Good news for homeowners and investors for re-qualifying

It’s good news for homeowners, and, indeed, investors, with the federal banking regulator now clarifying its position on re-qualifying borrowers at renewal — effectively maintaining the status quo.

“The following provides a brief description of OSFI’s decisions on key issues, which will be reflected in the final Guideline,” writes the regulator in a letter sent to federally-regulated financial institutions Wednesday. “Re-qualification at Renewal – current practice regarding residential mortgage renewals has served FRFIs well. OSFI agrees, for example, that having a good payment record is one of the best indicators of credit worthiness. OSFI, therefore, expects that FRFIs themselves will remain responsible for deciding what level of review to place on borrowers’ qualifications at the time of renewal.”

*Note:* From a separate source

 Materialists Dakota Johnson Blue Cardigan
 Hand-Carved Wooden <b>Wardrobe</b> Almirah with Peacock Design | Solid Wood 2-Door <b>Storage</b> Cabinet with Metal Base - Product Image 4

That’s good news for small investors, say analysts, pointing to their use of personal mortgages to fund acquisitions and their cash flow issues.

The OSFI letter confirms speculation from mortgage brokers and consumer advocacy groups, alike, that the regulator was now prepared to hold its fire on the most contentious component of draft guidelines introduced in early spring and focused on tightening mortgage underwriting standards.

At the same time, the message confirms that OSFI will uphold its guideline reducing the maximum loan-to-value ratio for HELOCs to 65 per cent, although it stopped short of forcing lenders to attach a specific amortization to those lines of credit.

Still many bankers and mortgage brokers have been more concerned about the possibility of lenders having to re-qualify clients at each and every renewal.

The OSFI decision may leave some room for lenders to do just that, however.

“FRFI renewal practices should be articulated in internal policies governing their underwriting of residential mortgage loans,” writes OSFI. “FRFIs, however, will be expected to refresh the borrowers’ credit metrics periodically (not necessarily at renewal) so that FRFIs can effectively evaluate their credit risk.”